Matt Quain poses for a portrait at his home on Wednesday, Oct. 26, 2011, a few days after he was attacked, apparently part of the "knockout game." Photo by Johnny Andrews, [email protected]
March 04, 2012 10:15 am • BY TODD C. FRANKEL

ST. LOUIS • The police captain couldn't believe it. He had the Knockout King in his office.

It was September 2011, and police were struggling to get a handle on a series of vicious knockout assaults in south St. Louis. Groups of teens were cold-cocking older pedestrians at random. One was dead, several injured. Residents were alarmed, police baffled. It didn't make sense, such a cruel and cowardly crime.

Now, sitting in Capt. Jerry Leyshock's office was an important key to the mystery: the Knockout King. That was the teen's nickname, said the four other young men also swept up that night by police after yet another assault. They sat inside South Patrol headquarters. And the ringleader, they said, happened to be right over there.

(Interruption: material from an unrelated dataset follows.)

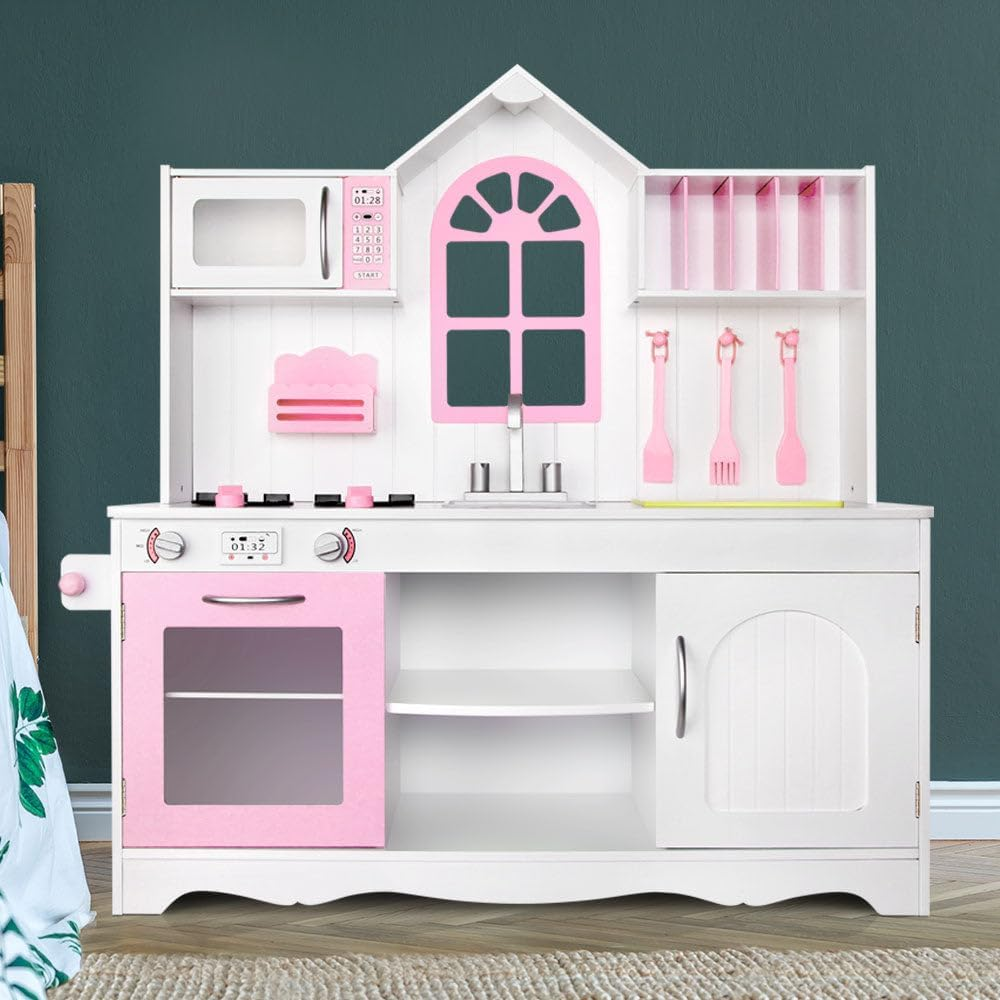 Keezi Kids Kitchen Set 12 in 1 Pretend Play Food Playset Wooden Toys Mud Kitchens Children Cooking Cookware Sets Toy Home Cubby House Furniture for Boys Girls, Ample Storage Space Pink White image number 5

Leyshock took stock of the young man in his office. The kid looked 17 or 18. He was stocky, his hair cut in short dreadlocks. He wore a hooded sweatshirt. The captain, who coached youth boxing, thought he recognized the teen as a boxer from the Cherokee Recreation Center. The teen, for now, revealed little. Then he mentioned he was 16, a juvenile. Too young to talk with police alone. The interview was over.
///snip///
 
A younger friend of mine was knocked out in exactly this fashion while passing a group of teens in my downtown area. He regained consciousness minus his iphone and with loose teeth. Not good. I'm with deltaboy regarding high alert mode.

Doesn't mean I'm going to be obvious about it, but if I can't just reroute around, my hands will be free and I'll be paying very close attention.